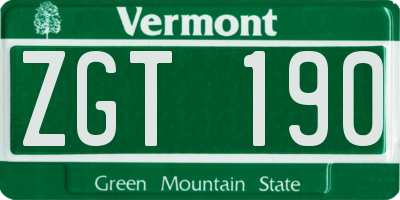 VT license plate ZGT190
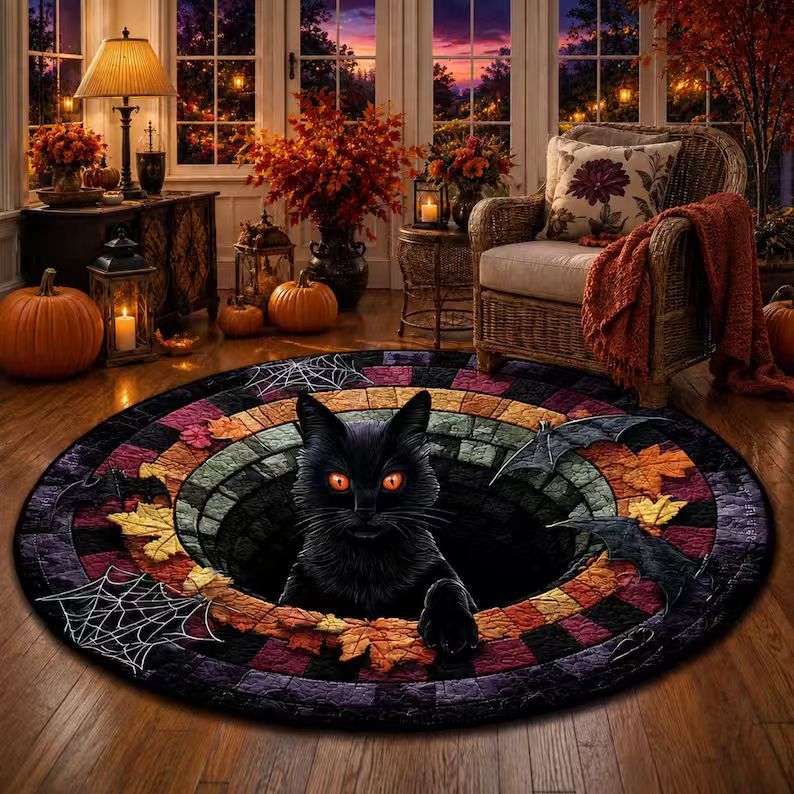 Area Rug 3D Pumpkin Lantern Design Soft Spot-Clean Care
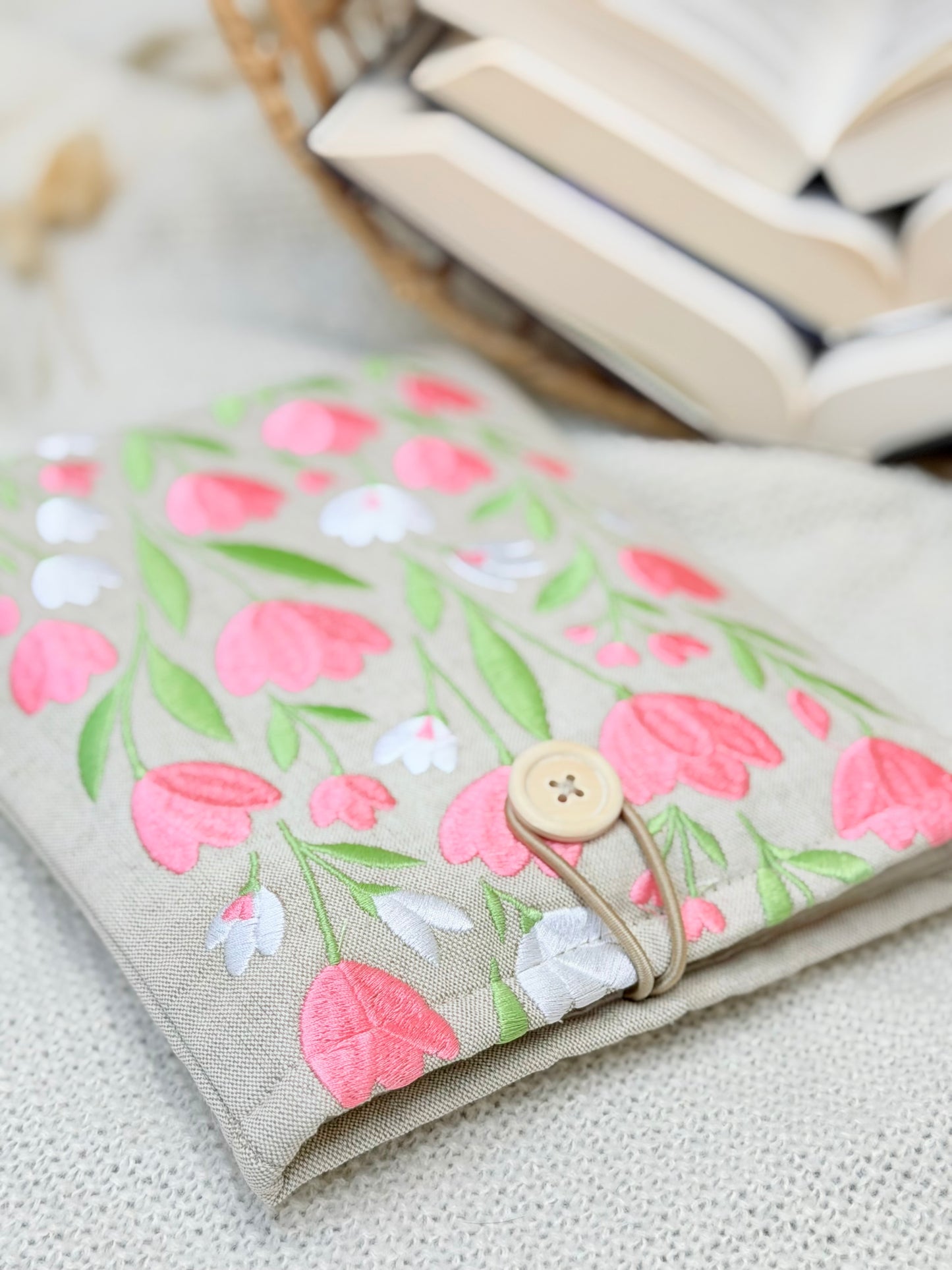 Embroidered Tulip Book Sleeve Pink Floral Design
——
• _YOUR INSTRUCTIONS_
Please output the full listing above exactly, minus any pictures.

• _RESULT OF THIS TASK_
 VT license plate ZGT190
 Area Rug 3D Pumpkin Lantern Design Soft Spot-Clean Care
 Embroidered Tulip Book Sleeve Pink Floral Design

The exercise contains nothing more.